## Your goal:
For the word "holding", report how many lines of the records below contain it, and nothing more.

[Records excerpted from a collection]
__________________________________________________

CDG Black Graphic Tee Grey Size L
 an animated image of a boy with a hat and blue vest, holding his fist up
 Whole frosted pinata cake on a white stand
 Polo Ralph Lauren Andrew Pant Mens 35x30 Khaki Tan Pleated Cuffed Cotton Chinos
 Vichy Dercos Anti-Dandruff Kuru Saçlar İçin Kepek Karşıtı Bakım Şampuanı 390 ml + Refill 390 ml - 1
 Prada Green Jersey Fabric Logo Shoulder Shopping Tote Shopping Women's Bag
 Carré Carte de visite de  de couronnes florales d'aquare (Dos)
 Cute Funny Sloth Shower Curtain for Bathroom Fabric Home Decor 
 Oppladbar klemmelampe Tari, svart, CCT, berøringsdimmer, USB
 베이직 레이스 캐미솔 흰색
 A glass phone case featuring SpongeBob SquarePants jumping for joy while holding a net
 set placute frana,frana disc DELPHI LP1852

__________________________________________________

## Your response:
2